= Las Huelgas Beatus =

Babylon surrounded by a serpent

The Las Huelgas Beatus, also called the Later Morgan Beatus, is a late Romanesque illuminated manuscript of Beatus of Liébana's Commentary on the Apocalypse completed in September 1220 and now housed in the Morgan Library & Museum in New York, shelfmark M.429. It is one of the latest illuminated copies of Beatus' commentary and a copy of the 10th-century Tábara Beatus. It was produced for the Abbey of Santa María la Real de Las Huelgas in Burgos, but whether it was produced there or elsewhere is unknown. Its artists had known connections to Toledo, also in Castile.

The Las Huelgas Beatus is the largest illuminated Beatus manuscript, at 21 × 13.3 in, and contains 184 parchment leaves. Three artists worked on it. The hands of two of them have been identified in two other manuscripts. One of them worked on Madrid, Biblioteca Nacional, 10087 and the other worked on Madrid, Biblioteca Nacional, 21546, both copies of Ildefonsus' De virginitate Beatae Mariae. The former artist was also responsible for the frescoes in the Church of Cristo de la Luz, a converted mosque in Toledo. Stylistically, the artists are indebted to Byzantine precedents.

The manuscript may have been royally sponsored. A colophon praises the nameless patroness who commissioned the manuscript for donation to Las Huelgas. Two women have been identified as likely donors: Queen Berengaria and the Abbess Sancha García. If Berengaria were the donar, she probably commissioned the work to celebrate two events that took place in Las Huelgas in November 1219: the knighting of her son, King Ferdinand III, and Ferdinand's marriage to Beatrice of Swabia.

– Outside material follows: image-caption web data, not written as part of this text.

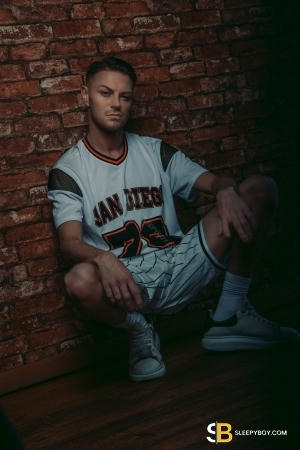 Bisexual Escort Grey 25yr - always safe sex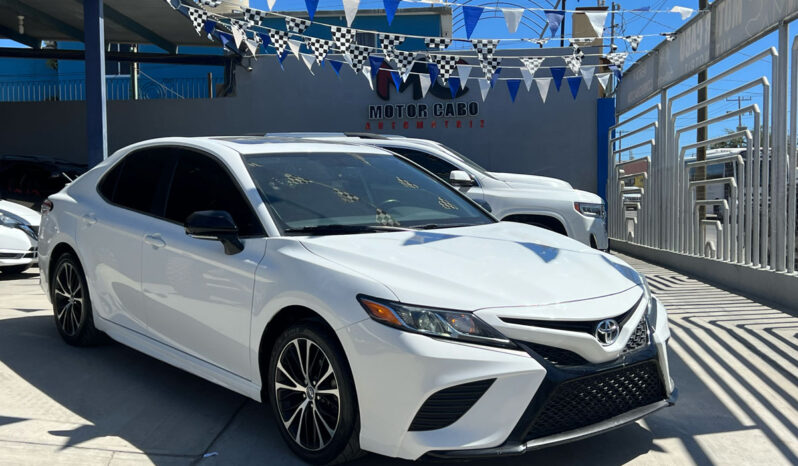 Toyota Camry 2020 lleno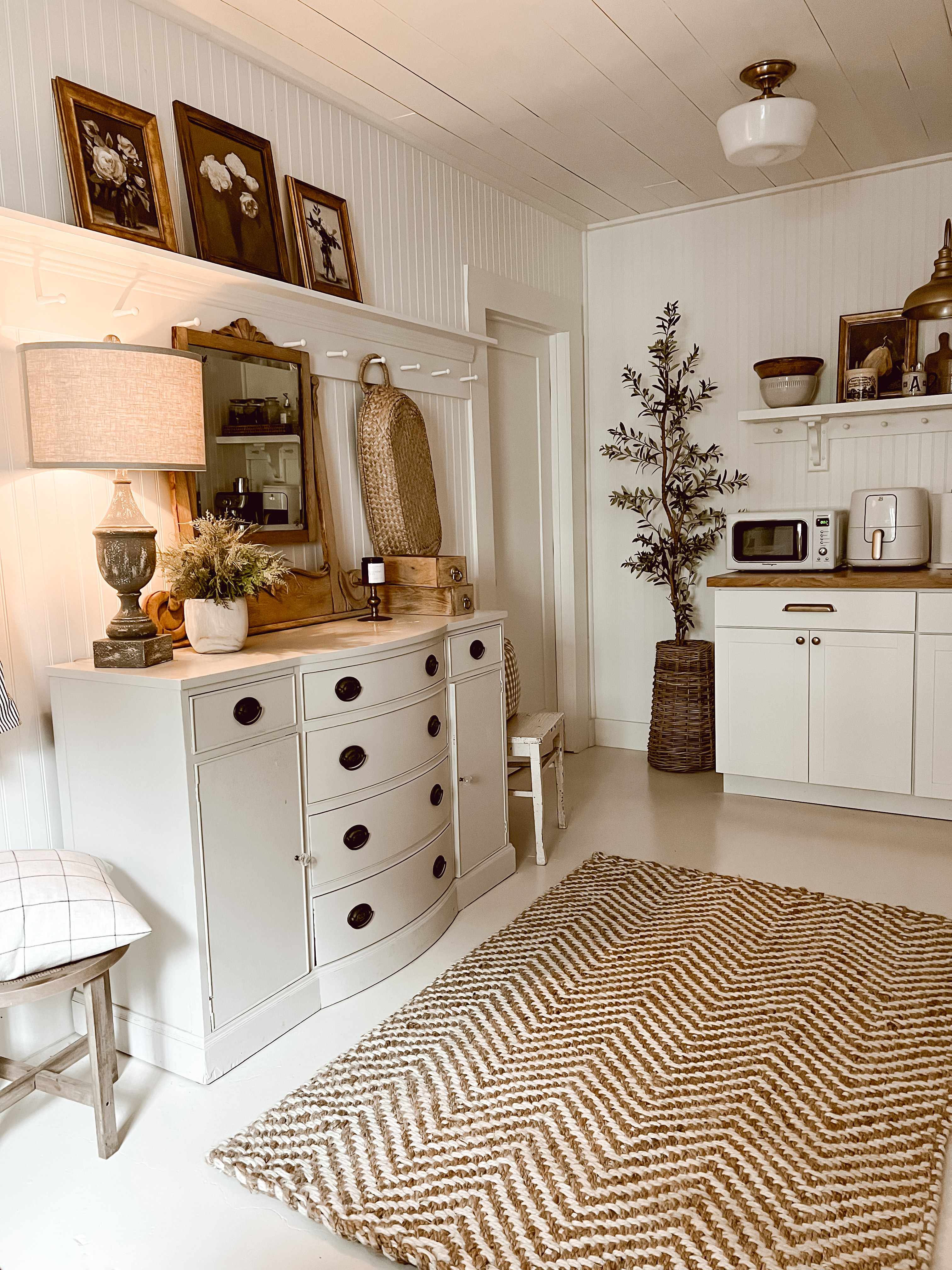 Hauteloom Aren Exquisite Jute Area Rug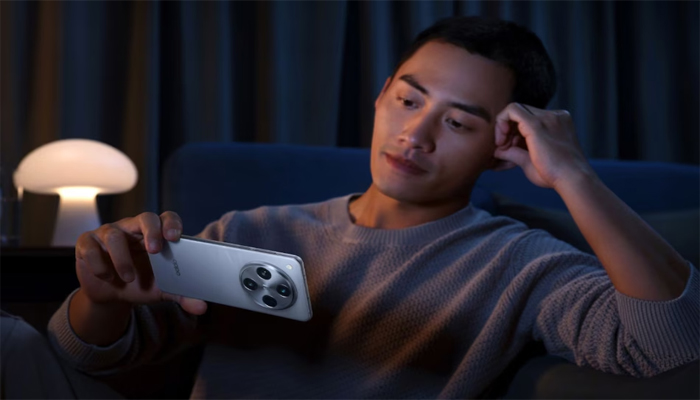An undated image showing a man using Oppo Find X8 Pro. — Oppo
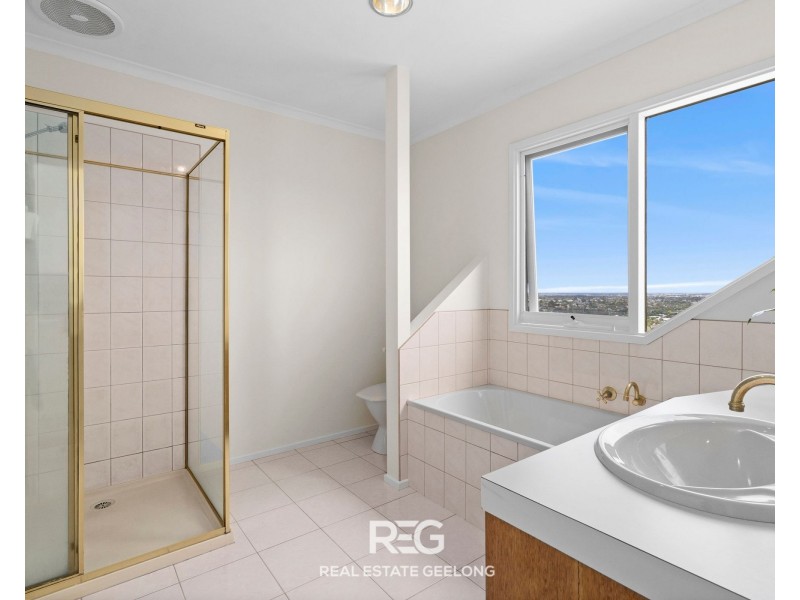 9 Lansbury Crescent, Highton VIC 3216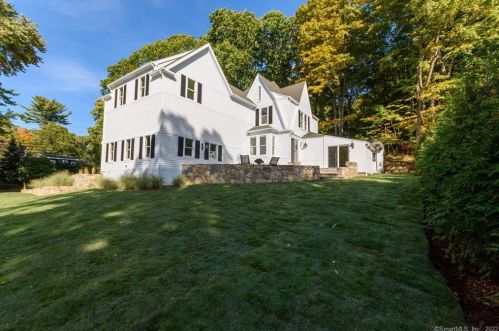 79 Devils Garden Rd, Norwalk CT  06854-3314 exterior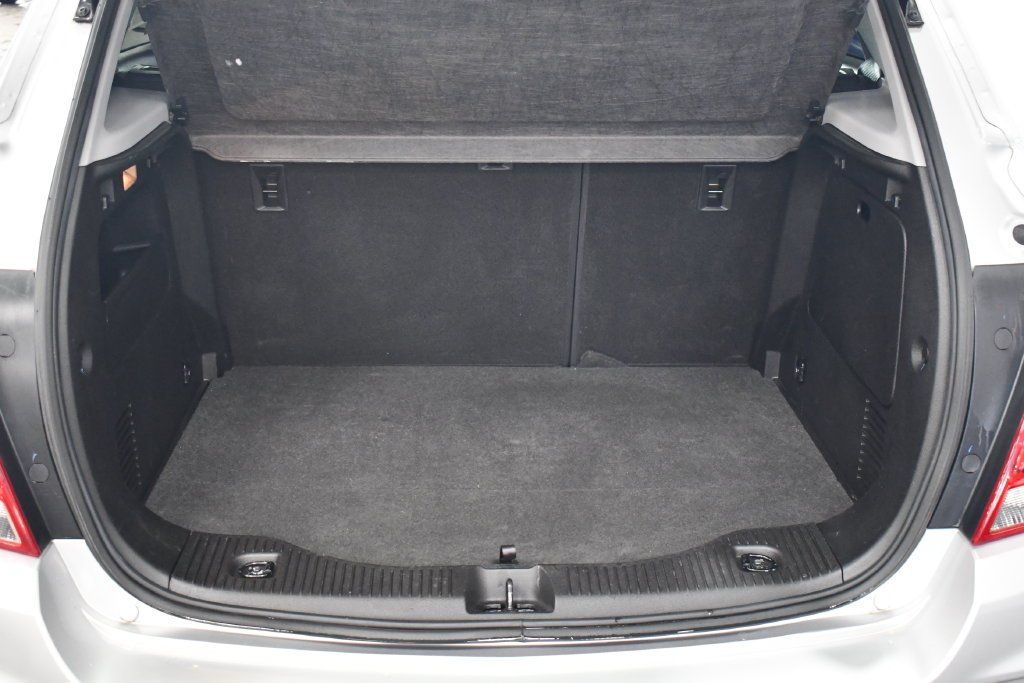 Used 2019 Silver Ice Metallic Chevrolet LT image 11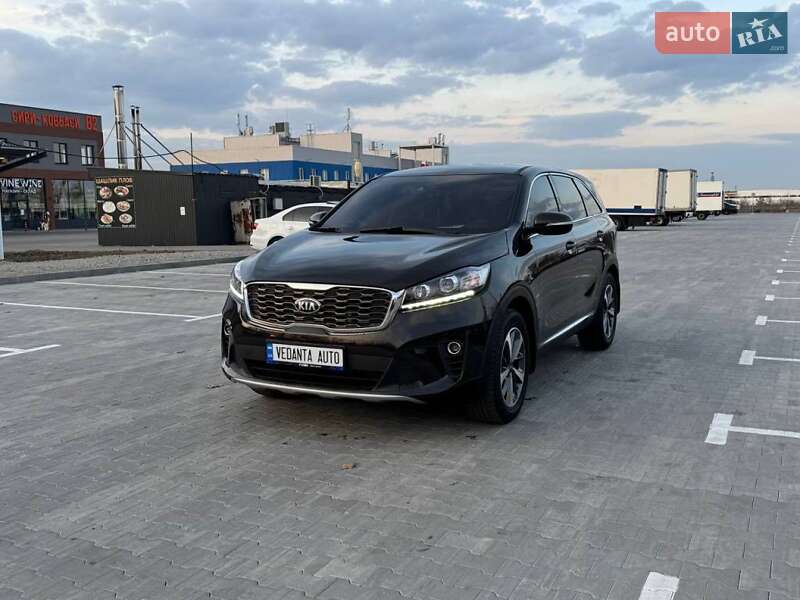 Позашляховик / Кросовер Kia Sorento 2019 в 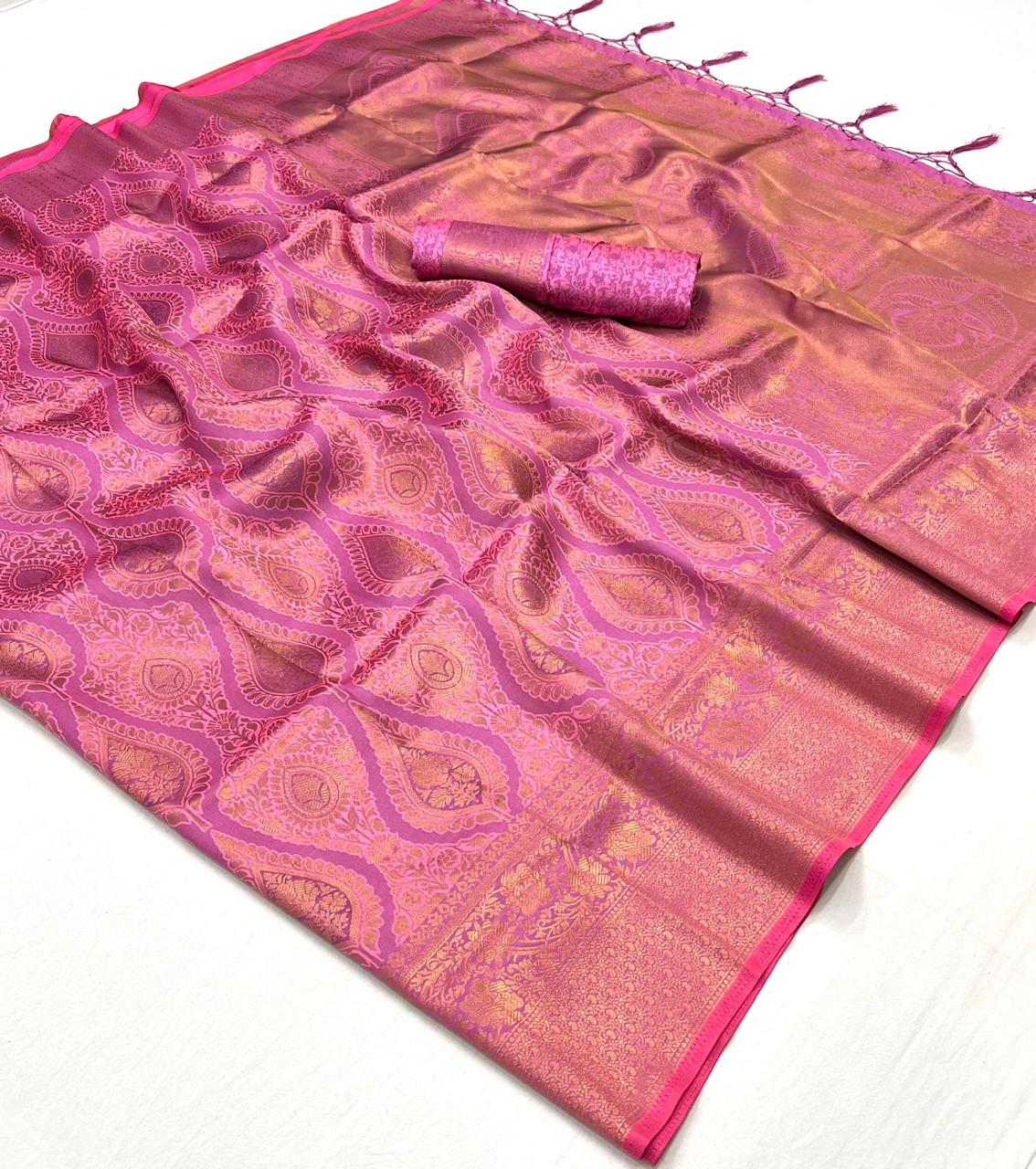 Grüner Glasseiden-Sari mit mehrfarbiger roter Blumenbluse und Digitaldruck, Pailletten- und Fadenstickerei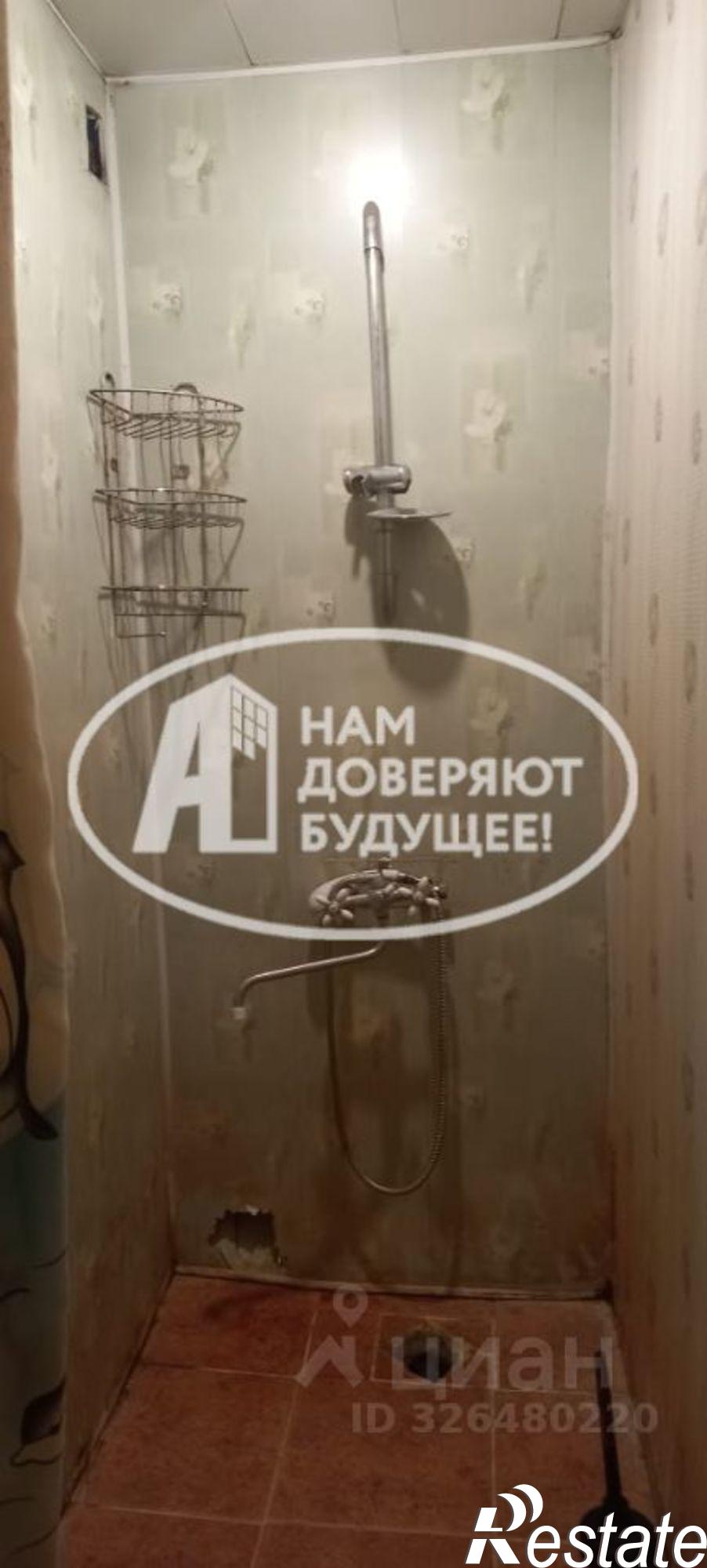 Купить комнату за 1 300 000 рублей на ул Нефтяников, 3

Notes added to the manuscript in the 17th century show that it continued to be used within the abbey for readings. It was in the library of Las Huelgas when Enrique Flórez saw it in the 18th century. The dealer who sold it to its current owner, the Morgan, purchased it from the Convent of San Clemente de Toledo. It is unknown when it moved to San Clemente or whether its production was connected with that place, a daughter house of Las Huelgas.